John Lennon is my favorite musician, and I listen to a lot of music. He grew up in a broken home, as his father deserted the family when Lennon was just a boy to go be a merchant seamen, and his mother, Julia was tragically killed by a car while walking across the street to get to the bus stop. Lennon lived the rest of his boyhood with his aunt Mimi and uncle George. The heartbreak what Lennon felt through these times led him to wear his emotions on his sleeve in his music and he learned to stand up for what he believed was right.
While all his popular songs with The Beatles were penned as Lennon/McCartney, the songs that he's famous for mostly writing and singing include "Twist and Shout," "Ticket to Ride," "Help!," "Lucy in the Sky with Diamonds," "Revolution 9," "Happiness is a Warm Gun," "All You Need is Love," "Come Together" and "Across the Universe."
There are many more cult classics that he primarily penned and sang, but those are some of the more popular ones - songs about love, peace, change, society, and personal growth. He was the voice of two generations. He went from this friendly, lovable Beatle belting out "Twist and Shout" to crying out for "Help!" and saying the Beatles were bigger than Jesus.

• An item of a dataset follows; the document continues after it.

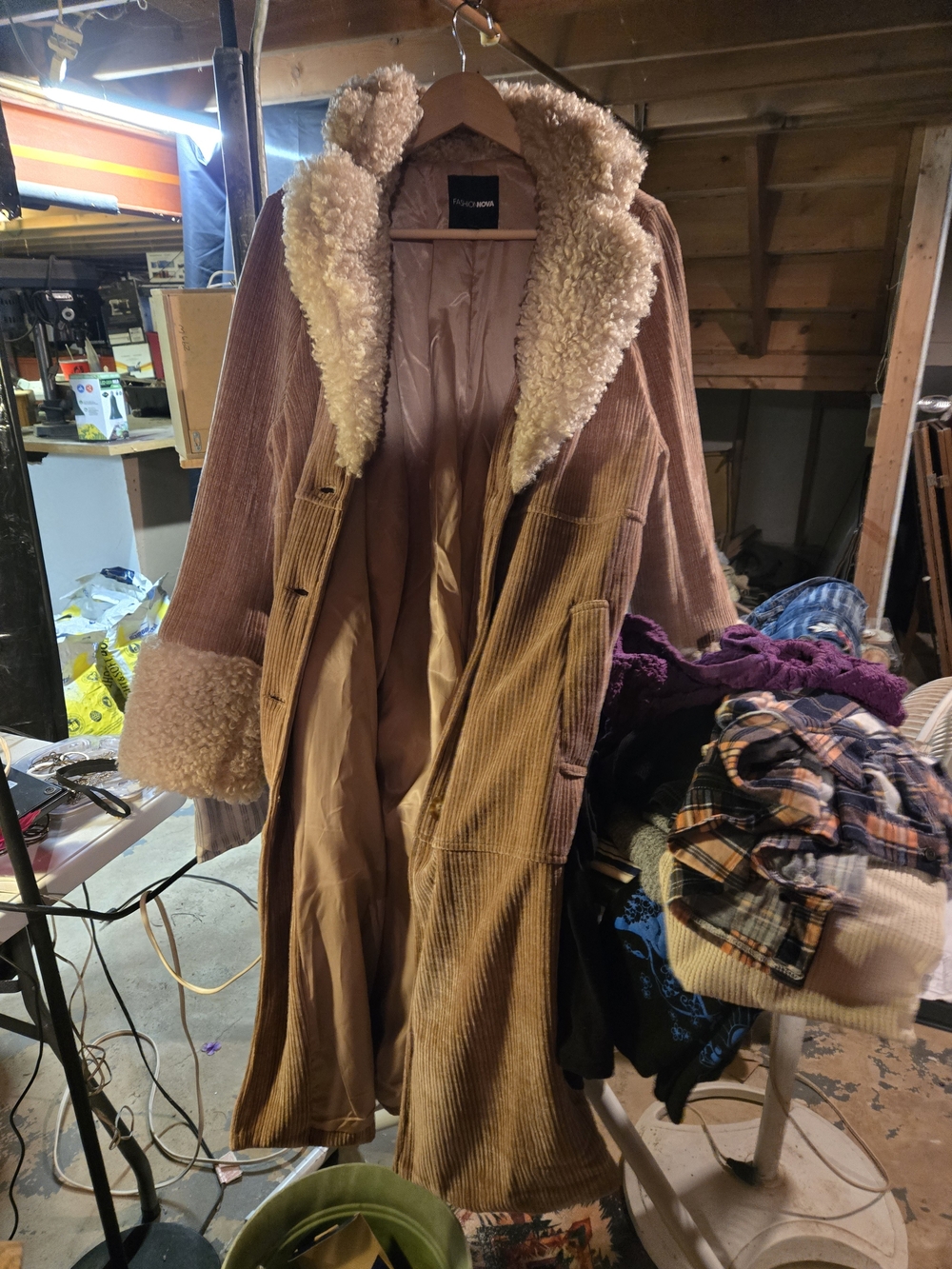 Corduroy Shearling-Trim Long Coat in Tan - Unknown Brand
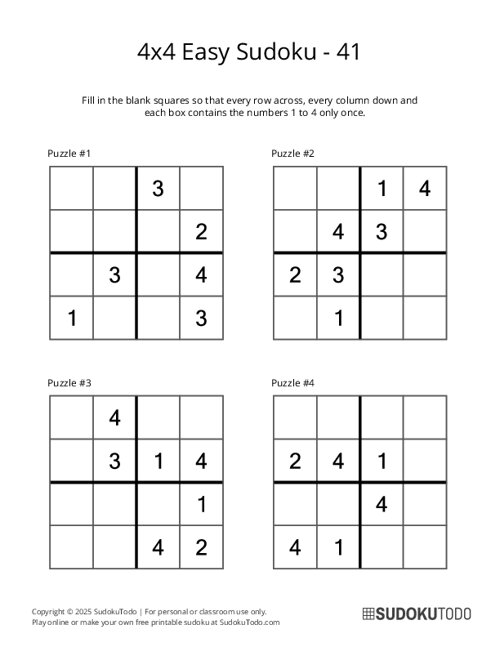 4x4 Sudoku - Easy - 41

The rawness in his voice in "Twist and Shout" is still one of the most unique vocals in history, and was attributed to John losing his voice before it was recorded. It shows his intensity and emotion in his performances. When he called out for help, he said he was going through a fat Elvis period, and was struggling to find his identity. When he said that the Beatles were bigger than Jesus, he meant that society made them that way, not that they were.
He told it like it was. He didn't hold back. In his solo songs, he attacks Paul McCartney in the song "How Do You Sleep?": "So Sgt. Pepper took you by surprise
You better see right through that mother's eyes
Those freaks was right when they said you was dead
The one mistake you made was in your head"
He used scream therapy to fight his pain though the song "Mother" when he continued screaming, "Mama don't go/Daddy come home."
He called for change and peace through songs like "Imagine," "How?," and "Gimme Some Truth." He called on us to picture a world without violence and coined the phrase, "War is over (If you want it). His two-week long bed-in for peace drew the attention of the world as he and Yoko grew their hair out and played songs of peace to encourage the end of the Vietnam War and other struggles throughout the world.
But a lot of his songs were about love - either defining what love is like in the song "Love," showing love to his wife Yoko, like in the song "Woman," or to his son Sean, like in the song "Beautiful Boy."
When Lennon was shot by crazed fan Mark David Chapman outside of Lennon's residence in Manhattan in December 1980, the world mourned. People took to the streets and lit candles and carried posters. That was almost forty years ago now, and while there have been a great many artists that have sung a great many songs that hit on these topics - the rest of the Beatles included, there was something special about John's influence to another generation (like ours today) that saw such hatred, turmoil and war. He was a voice people could turn to in the hardest of times.
One of my favorite Lennon tunes is "Nobody Told Me," because of the lyrics "Nobody told me there'd be days like these," because no one told us there'd be a pandemic followed by a racial divide that leads to riots and protests all over the world. We need peace and we need love in these times because no one knows what the future will hold.